Unter Funktionen gibt es auch noch einige Punkte, eventuell ist da Werkseinstellungen möglich?


----------



## stefu87 (28 Dezember 2014)

Hab ich versucht aber geht auch nicht.

Heisst das ich das Panel entsorgen kann??


----------



## ChristophD (28 Dezember 2014)

Hi,

das Panel selber funktioniert ja und läßt sich bedienen oder?
Ebenso kann es unter erreichbare Teilnehmer gefunden werden .

Hast du dasn mal die verschiedenen Transfer einstellung am Panel (ETHERNET und PN) probiert ob sich da ein unterschiedliches Verhalten zeigt?


----------



## stefu87 (28 Dezember 2014)

Ja kann es bedienen und Einstellungen können geändert werden.

Habe nur diese Varianten zum ändern bei den Einstellungen fürs Transfer:


----------



## ChristophD (28 Dezember 2014)

kannst du die gateway Adresse mal löschen , also auf 0.0.0.0 setzen?


----------



## stefu87 (28 Dezember 2014)

Hab ich gemacht und konnte einmal ein Projekt laden jetzt geht es wieder nicht mehr.


----------



## ChristophD (28 Dezember 2014)

und wie steht jetzt die IP im Panel?
Und kommen wieder die gleichen Fehler oder andere?


----------



## stefu87 (28 Dezember 2014)

IP: 192.168.0.30
Sub: 255.255.255.0
Gate: 0.0.0.0

Wenn ich auf Transfer klicke, kommt das Fenster wo mir Profinet als Grün anzeigt und darunter der Prozentbalken.
Wenn ich im TIA dann anwähle das ich das Projekt laden möchte, passiert nichts


----------



## stefu87 (28 Dezember 2014)

Hallo Zusammen

Habs nun hingekriegt, keine Ahnung wie aber jetzt kann ich Projekte drauf laden und werden auch angezeigt auf dem Panel.
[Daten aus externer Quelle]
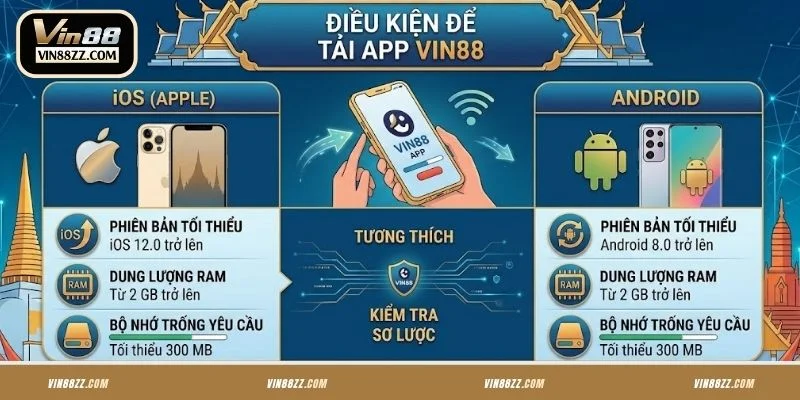 Điều kiện để cài đặt app VIN88 thành công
Danke euch recht herzlich für die vielen Tipps und Unterstützung.


----------



## Alamo (26 August 2018)

Dieser Thread ist zwar schon etwas älter aber das Problem war bei mir noch aktuell.

Ich habe versucht ein KTP700 Basic nach der Siemens Anleitung auf Werkseinstellung zurückzusetzen.

Beitrags-ID: 109744950
https://support.industry.siemens.co...ür-basic-panels-2nd-generation?dti=0&lc=de-WW

Voraussetzung
==============
    Der USB Stick muss im FAT32 Format vorliegen.
    Der USB Stick muss in der USB Version 2.0 oder kleiner vorliegen.
    Die Bediengeräte-Image-Datei muss mit Version V14 vorliegen.

Vorgehensweise
===============
1. Entpacken Sie die Datei "Basic2nd_Recovery_System.zip" direkt auf dem USB Stick in das Hauptverzeichnis.
2. Kopieren Sie die passende Bediengeräte-Image-Datei in den Pfad "SIMATIC.HMI\Recovery" auf dem USB Stick (Dateityp "*.fwf").
   Hinweis: Die Bediengeräte-Image-Dateien finden Sie unter
   "Programme\Siemens\Automation\Portal V14\Data\Hmi\Transfer\14.0\Images". 
3. Schalten Sie das Bediengerät aus.
4. Stecken Sie den USB-Speicherstick in die USB-Schnittstelle des Bediengeräts.
5. Schalten Sie das Bediengerät ein.
6.  Um das Bediengerät auf Werkseinstellungen zurückzusetzen, betätigen Sie  drei Mal hintereinander die Schaltfläche "START RECOVERY (..3..)" und  folgen Sie 
den Anweisungen auf dem Display. Am Ende des  Recovery-Vorgangs entfernen Sie den USB-Speicherstick und betätigen die  Schaltfläche "REBOOT".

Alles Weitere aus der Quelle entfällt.